SUPPLIED ENTRIES =
►

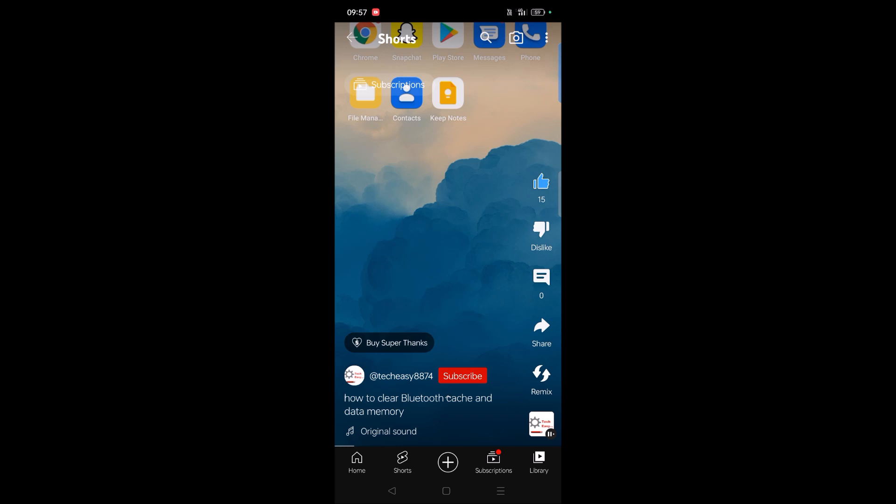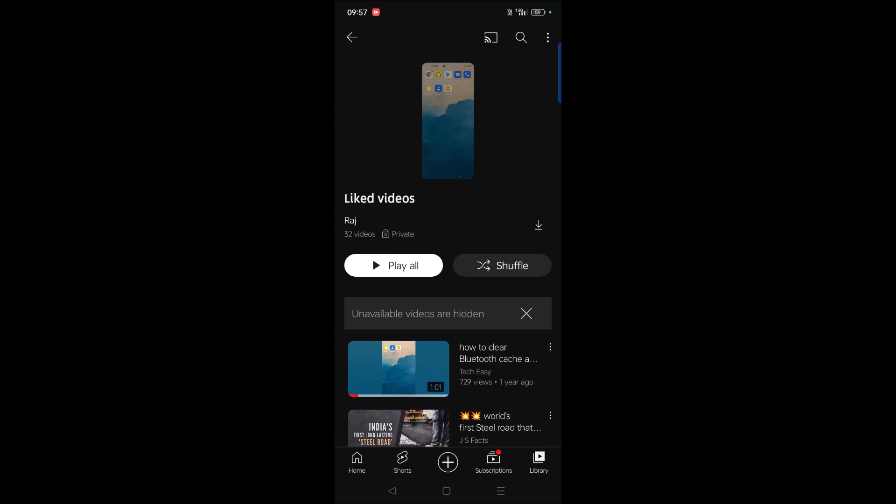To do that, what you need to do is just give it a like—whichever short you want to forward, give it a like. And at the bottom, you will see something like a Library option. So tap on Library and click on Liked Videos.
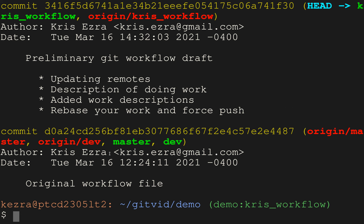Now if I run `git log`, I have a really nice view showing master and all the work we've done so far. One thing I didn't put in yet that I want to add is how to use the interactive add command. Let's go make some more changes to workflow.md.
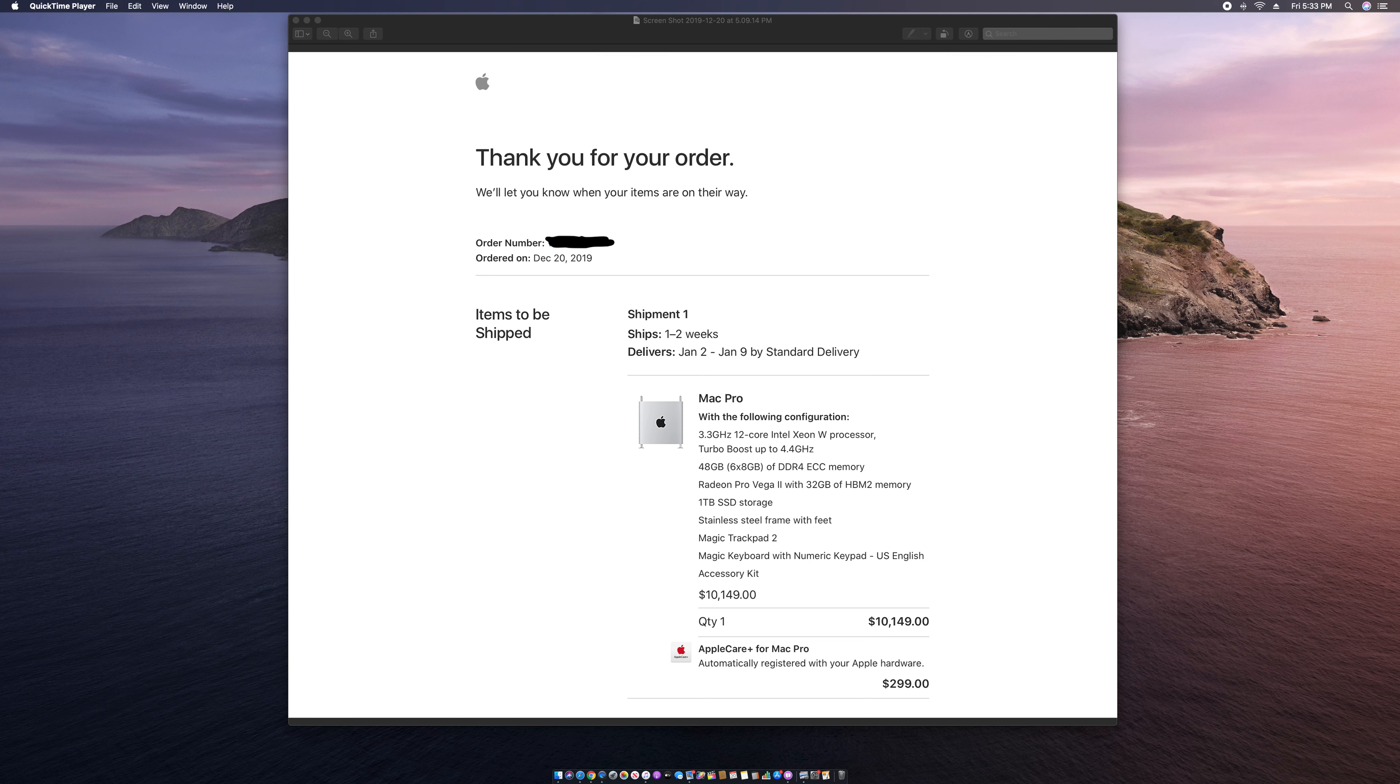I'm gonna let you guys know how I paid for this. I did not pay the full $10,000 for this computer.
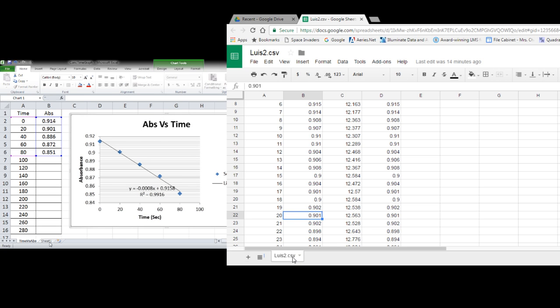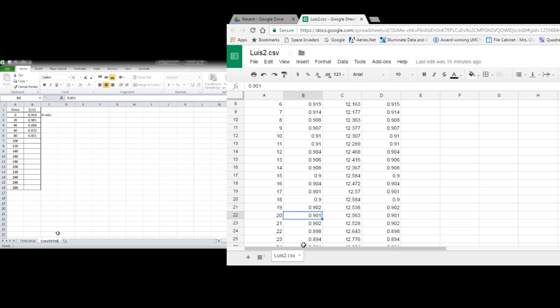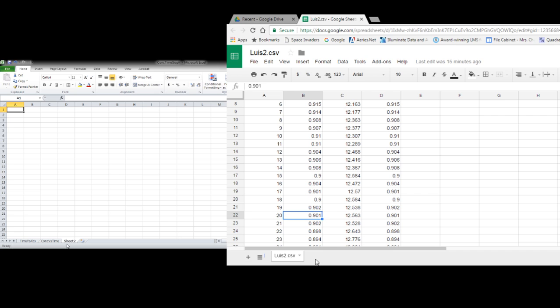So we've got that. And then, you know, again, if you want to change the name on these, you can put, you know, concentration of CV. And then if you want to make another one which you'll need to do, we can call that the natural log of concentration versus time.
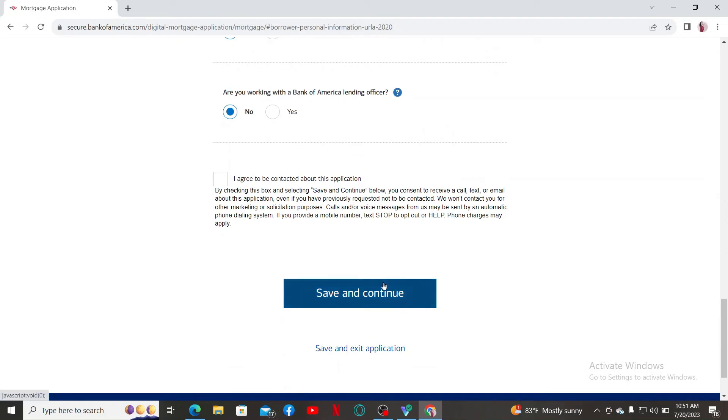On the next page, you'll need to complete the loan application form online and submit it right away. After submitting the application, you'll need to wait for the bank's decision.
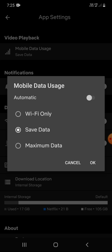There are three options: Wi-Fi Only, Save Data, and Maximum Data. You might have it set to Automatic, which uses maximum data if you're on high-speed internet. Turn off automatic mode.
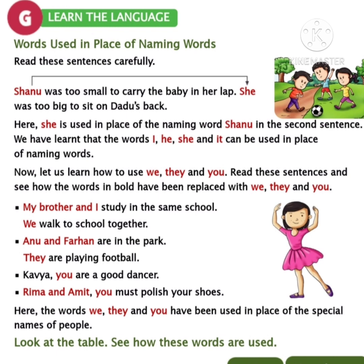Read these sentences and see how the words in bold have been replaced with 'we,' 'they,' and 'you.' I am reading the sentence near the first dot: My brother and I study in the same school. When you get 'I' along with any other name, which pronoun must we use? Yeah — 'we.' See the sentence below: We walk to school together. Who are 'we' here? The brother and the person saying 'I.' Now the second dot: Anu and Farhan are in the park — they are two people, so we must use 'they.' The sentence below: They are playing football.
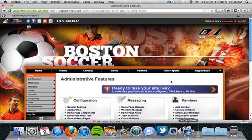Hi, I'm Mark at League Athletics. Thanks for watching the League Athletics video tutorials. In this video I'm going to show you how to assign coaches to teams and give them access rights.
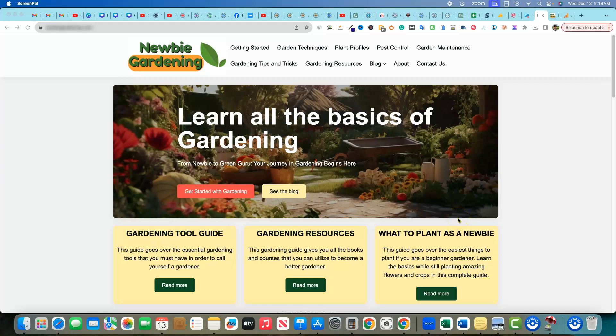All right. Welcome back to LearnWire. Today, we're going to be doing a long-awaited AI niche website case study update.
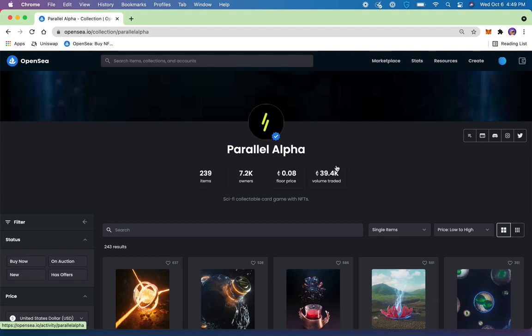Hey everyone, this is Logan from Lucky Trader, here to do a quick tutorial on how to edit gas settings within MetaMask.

◄

INSTRUCTIONS TO FOLLOW =
Where a record holds a picture, leave the picture out and restate the rest word for word.

WORKED SOLUTION =
To do that, what you need to do is just give it a like—whichever short you want to forward, give it a like. And at the bottom, you will see something like a Library option. So tap on Library and click on Liked Videos.
Now if I run `git log`, I have a really nice view showing master and all the work we've done so far. One thing I didn't put in yet that I want to add is how to use the interactive add command. Let's go make some more changes to workflow.md.
I'm gonna let you guys know how I paid for this. I did not pay the full $10,000 for this computer.
So we've got that. And then, you know, again, if you want to change the name on these, you can put, you know, concentration of CV. And then if you want to make another one which you'll need to do, we can call that the natural log of concentration versus time.
On the next page, you'll need to complete the loan application form online and submit it right away. After submitting the application, you'll need to wait for the bank's decision.
There are three options: Wi-Fi Only, Save Data, and Maximum Data. You might have it set to Automatic, which uses maximum data if you're on high-speed internet. Turn off automatic mode.
Read these sentences and see how the words in bold have been replaced with 'we,' 'they,' and 'you.' I am reading the sentence near the first dot: My brother and I study in the same school. When you get 'I' along with any other name, which pronoun must we use? Yeah — 'we.' See the sentence below: We walk to school together. Who are 'we' here? The brother and the person saying 'I.' Now the second dot: Anu and Farhan are in the park — they are two people, so we must use 'they.' The sentence below: They are playing football.
Hi, I'm Mark at League Athletics. Thanks for watching the League Athletics video tutorials. In this video I'm going to show you how to assign coaches to teams and give them access rights.
All right. Welcome back to LearnWire. Today, we're going to be doing a long-awaited AI niche website case study update.
Hey everyone, this is Logan from Lucky Trader, here to do a quick tutorial on how to edit gas settings within MetaMask.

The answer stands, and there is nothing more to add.